El musical es un género al que tengo mucho cariño. Hay muchas razones.
La primera y tal vez la más importante, es que me apartó del suicidio en mi juventud. Un musical te puede atrapar y, si lo hace, como me ocurría cuando vivía esos años turbulentos y contradictorios, siempre estando al borde del precipicio, te salva. Doy testimonio de ello. No sé si serviría para otros; a mí, sí me ayudó.
Hay quien no puede soportar estas películas; no admite que los personajes se puedan poner a cantar y bailar en cualquier momento. Imagino que ignoran que en el teatro griego existía todo eso antes de que llegara de Hollywood. La tradición occidental ha eliminado la música y la convirtió en un elemento secundario o accesorio. Homero no hubiera existido sin la música, aunque no sepamos cuál fuera, ni Safo o Píndaro. Aunque esto daría para otra reflexión más amplia.

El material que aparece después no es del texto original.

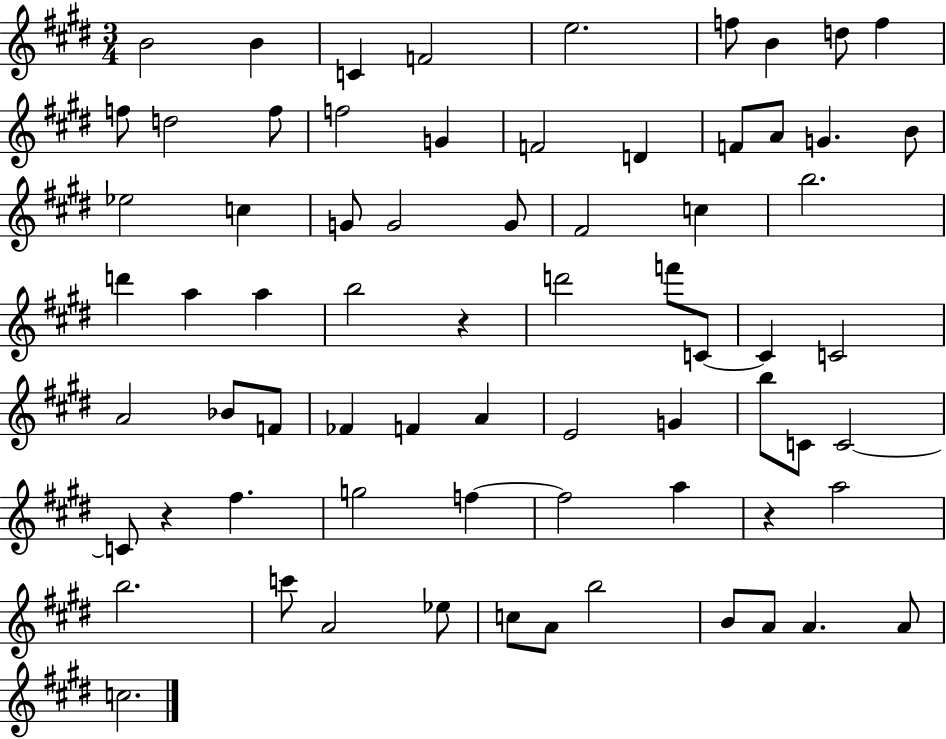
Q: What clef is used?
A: treble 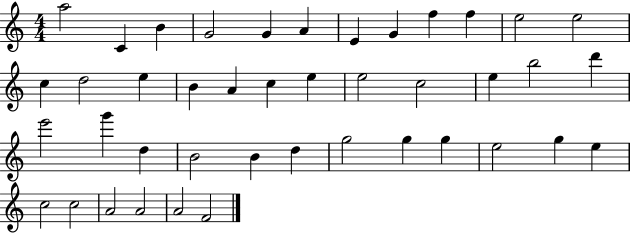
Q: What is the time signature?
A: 4/4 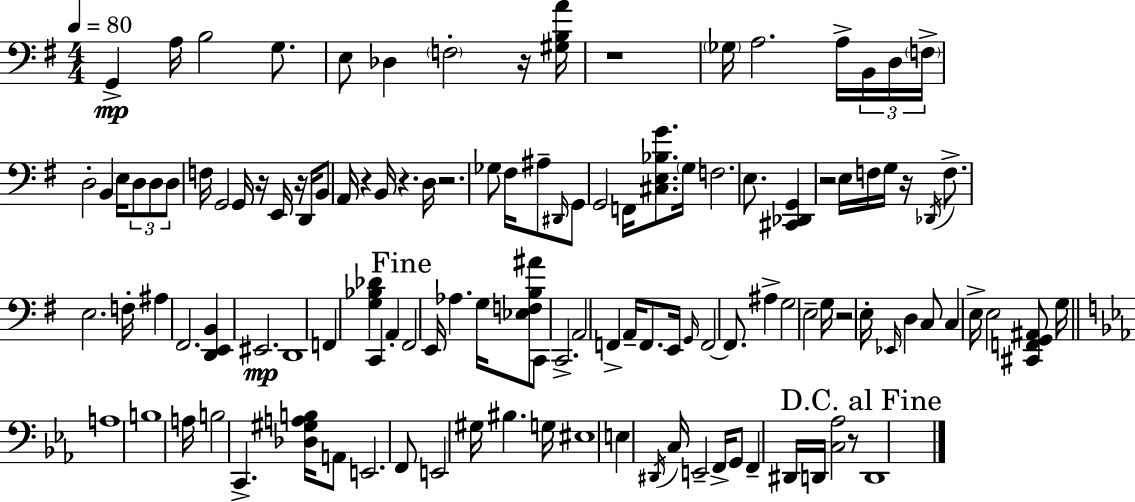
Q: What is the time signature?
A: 4/4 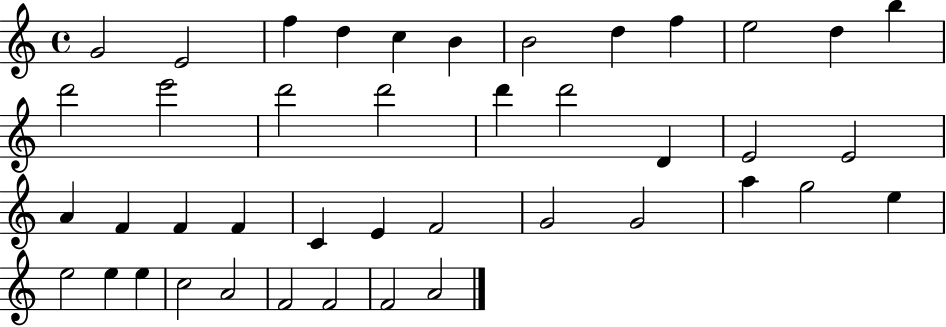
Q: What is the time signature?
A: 4/4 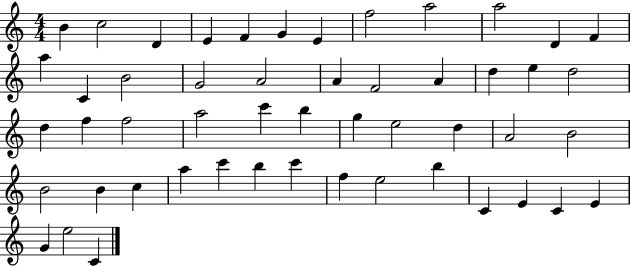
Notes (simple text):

B4/q C5/h D4/q E4/q F4/q G4/q E4/q F5/h A5/h A5/h D4/q F4/q A5/q C4/q B4/h G4/h A4/h A4/q F4/h A4/q D5/q E5/q D5/h D5/q F5/q F5/h A5/h C6/q B5/q G5/q E5/h D5/q A4/h B4/h B4/h B4/q C5/q A5/q C6/q B5/q C6/q F5/q E5/h B5/q C4/q E4/q C4/q E4/q G4/q E5/h C4/q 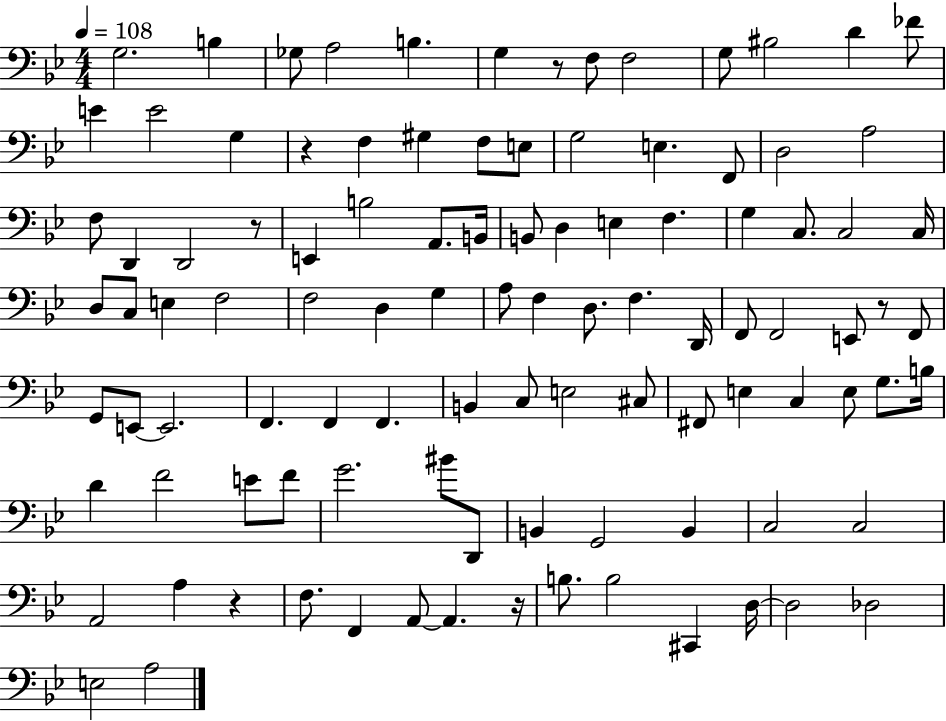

Reconozco que, si tengo que elegir, prefiero las aportaciones más modernas. Tenemos rock -desde los Beatles, divertidos y ligeros, a The wall, tal vez demasiado serio y sobrevalorado-
y parodias u homenajes de canciones melódicas o pop como On connait la chanson,
o cine francés que se deja llevar por lo perdido y la nostalgia -al estilo Demy-.
Los nuevos musicales -como Los Miserables- me interesan menos. Técnicamente perfectos, no lo dudo, pero no logran ir más allá, para mí, de esa perfección formal.
Mi preferida es Cantando bajo la lluvia. Cada vez que la veo dejo de estar triste.
Es un chute de vitalidad y optimismo.
Y no envejece, pase el tiempo que pase.
Tengo que incluir Sonrisas y lágrimas. La vi muchas veces.
La mayor parte, obligado. Cada vez que la pasaban por televisión, mi madre la ponía y nos la teníamos que tragar. Lo más sorprendente es que mi madre la veía como si fuera la primera vez. ¡Y sabía muy bien lo que pasaba! De memoria, casi plano a plano. No exagero si afirmo que era su película favorita. Pero era su manera de vivir la película con intensidad, imagino. En sus últimos años yo levantaba las cejas. Mi escepticismo contrastaba con la ingenuidad de mi madre, aunque yo reconociera, a regañadientes, la calidad de las canciones...
Mi madre murió muy lejos de esa Austria idealizada, en un Buenos Aires vacío, en plenas vacaciones de Navidad. Había pasado una semana desde entonces. Sería un dos o un tres de enero. Yo ya había vuelto a España. Su cadáver en descomposición, si mal no recuerdo, viajaba en ese momento por el Atlántico en la bodega de un avión de pasajeros. Decidieron esa noche poner en Telemadrid Sonrisas y lagrimas.
Es evidente que ese día no la contemplé de la misma manera.
Me costaría volver a verla. Sé que no dejaría de llorar.